Don’t acquire fertile land, say Lok Sabha MPs

Fertile land should not be acquired and instead waste land should be used for industrial development, MPs from various parties said today while supporting the land acquisition bill during a discussion in the Lok Sabha.

The members said the consent of the farmer was key in any land acquisition and suggested that fair compensation should be paid to him.

The land acquisition and rehabilitation bill seeks to give fair compensation to those who lose their land. The bill seeks to replace an almost 120-year-old law enacted in 1894 during the British rule.

Samajwadi Party chief Mulayam Singh Yadav said: “Don’t acquire fertile land. Instead use waste land to develop industry.” 
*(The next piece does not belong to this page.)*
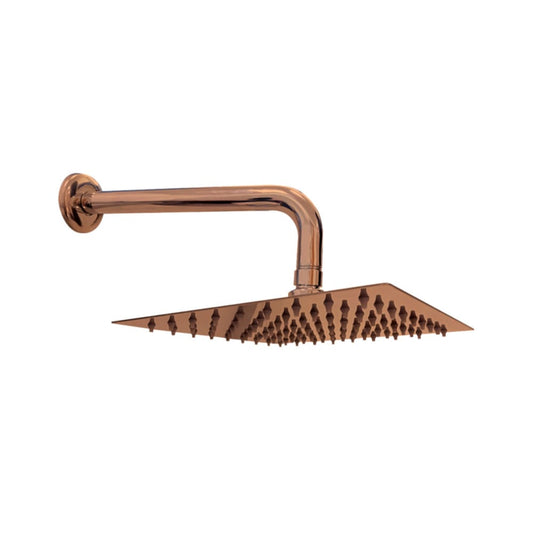 Regadera cuadrada Slim 8" Cobre Láscar con brazo 30 cm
Terming the bill anti-farmer, Bahujan Samaj Party member S.S. Nagar said: “Change of land use is a controversial point.”

Noting that “the SEZ was a big scam”, Janata Dal-United leader Rajeev Ranjan said: “It is a toothless bill. The fertile land should not be acquired.”

Trinamool Congress member Sudip Bandyopadhyay said the earlier “draconian” law was applied on farmers of Nandigram and Singur and “how they fought under the leadership of Mamata Banerjee is history”.
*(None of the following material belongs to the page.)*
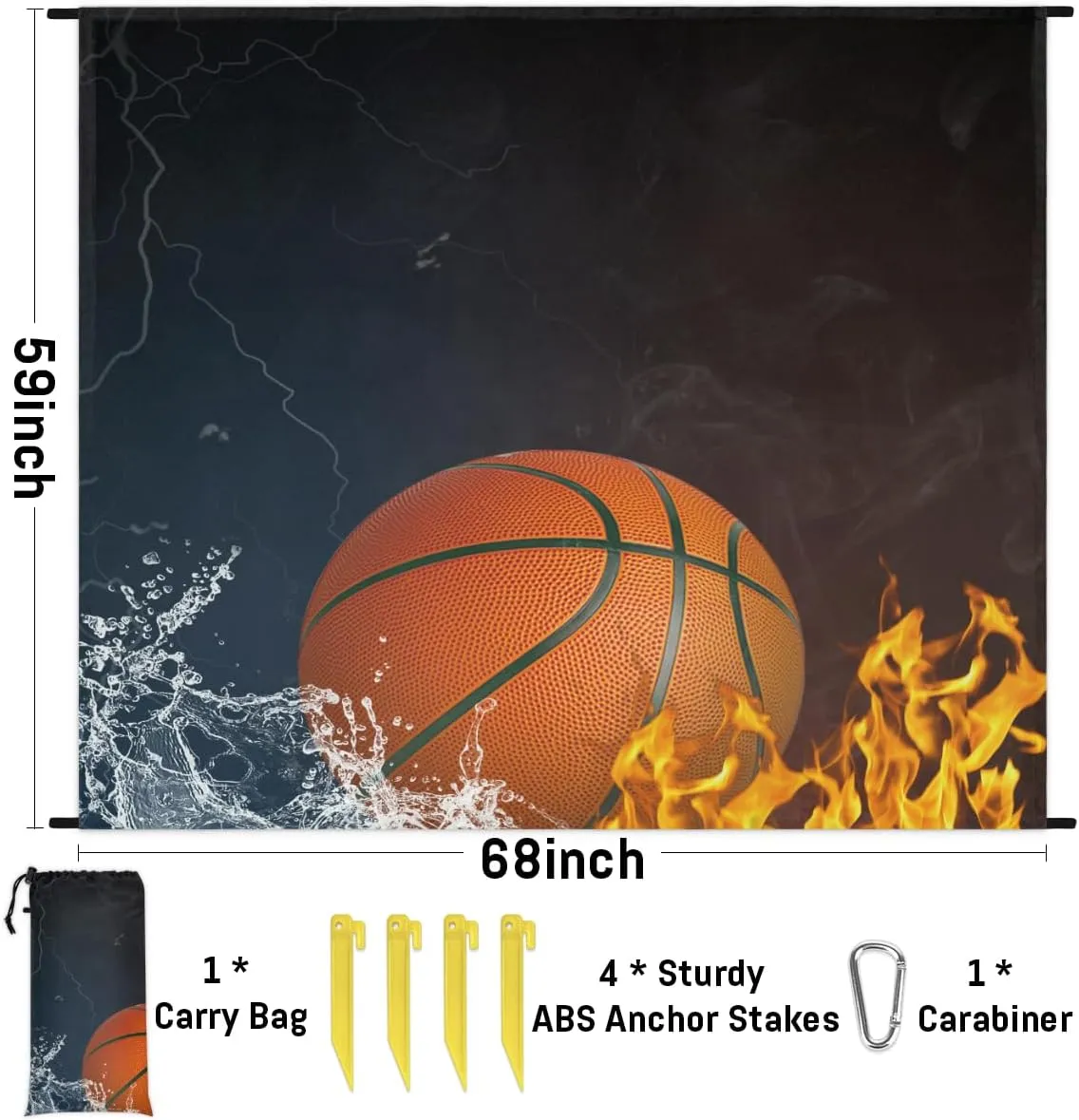 Beach Blanket, Basketball Sandproof Beach Mat, Waterproof Quick Drying Sand Free Mat with 4 x Ground Spikes for Outdoor Travel Camping Hiking, Sports 68 x 59 in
This led to protests from the Left party members.

Bandyopadhyay thanked Rural Development Minister Jairam Ramesh for making efforts to make the bill acceptable.

He, however, said that his party was totally opposed to the forcible takeover of land from farmers.

“We believe 100 percent land should be purchased by private groups. Industries should be set up on mono-crop land or barren land only,” he said.

The Trinamool Congress leader said the new bill was a necessity of the hour.

DMK member T.K.S. Elangovan also supported the bill.

Communist Party of India-Marxist member Basudeb Acharia said the bill when enacted would be a draconian law.

“There was no forced acquisition in Singur and Nandigram. Not a single inch of land was acquired in Nandigram. There is a difference between announcement and acquiring,” he said, countering the Trinamool charge.

The Trinamool and Left members then had a heated exchange.

Acharia said: “Many good proposals are not there in the present act which was enacted during the British rule. Social impact assessment, resettlement, compensation… these were not there.

“The act ignores share-croppers,” he said.

“We wanted that there should be a comprehensive act. Nobody is there to listen to the problems of the farmers. When this bill is converted into an act it will be draconian.”

According to Acharia: “The bill says that in case of urgency and exigency any land can be acquired. After this no environmental and social assessment will be done. That means 80 percent of land will be acquired using this provision. The minister should clarify this to the house. Our agricultural land is gradually disappearing.”

Bharatiya Janata Party president Rajnath Singh earlier said: “We feel that if the farmer does not agree to acquisition of land under agriculture, it should not be done under any provision.”